Víctor Gómez Pin
Un niño escucha las primeras palabras de un relato ("era un hombre que regresaba a casa tras el trabajo en los campos…") y de inmediato instala su entero ser en la circunstancia. No se trata de que no distinga la realidad empírica de la realidad narrada, se trata de que la segunda adquiere la fuerza de la primera, se trata de que la vida narrada es algo que el niño siente como lo propio de su lazo con la vida en general, y que la propia presencia de las cosas es indisociable de un relato global en el que el niño se inserta. El estupor de los niños ante lo que puebla su entorno, estupor que tanto llama la atención a los que definitivamente han perdido la capacidad de asombro, genera una doble disposición:
Por un lado da lugar a una curiosidad analítica, un ansia escudriñadora, doblada de una tendencia clasificatoria, que se multiplica exponencialmente cuando el lenguaje (hasta entonces meramente potencial o incipiente) permite relacionarse no ya con la cosa viva "Chiqui" y la cosa viva "Tom", sino con Chiqui que es un perro y Tom que es un gato.

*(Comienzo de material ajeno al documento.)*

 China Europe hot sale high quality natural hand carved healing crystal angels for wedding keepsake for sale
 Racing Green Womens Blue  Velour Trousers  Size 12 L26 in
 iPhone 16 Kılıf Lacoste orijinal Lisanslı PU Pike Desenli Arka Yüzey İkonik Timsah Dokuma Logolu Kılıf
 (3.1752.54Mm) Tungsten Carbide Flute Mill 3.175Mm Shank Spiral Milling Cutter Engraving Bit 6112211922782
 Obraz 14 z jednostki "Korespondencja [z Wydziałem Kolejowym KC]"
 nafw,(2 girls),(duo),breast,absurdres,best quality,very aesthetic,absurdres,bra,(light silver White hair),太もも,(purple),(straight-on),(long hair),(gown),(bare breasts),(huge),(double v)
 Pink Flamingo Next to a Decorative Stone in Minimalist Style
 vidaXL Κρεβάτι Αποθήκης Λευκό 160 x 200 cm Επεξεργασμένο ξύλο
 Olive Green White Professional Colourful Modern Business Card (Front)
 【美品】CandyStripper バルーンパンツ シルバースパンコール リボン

Por otro lado, el descubrimiento de que las cosas alcanzan un nuevo aspecto cuando se vinculan entre sí a través de la palabra, mueve al niño a multiplicar tales vínculos, a veces haciendo ya abstracción de la diferencia entre cosas presentes y cosas representadas, y en una tercera etapa a liberar ya a la palabra de dependencia alguna de las cosas mismas. Inversión que supone una transformación profunda de la sintaxis y la estructura misma del decir.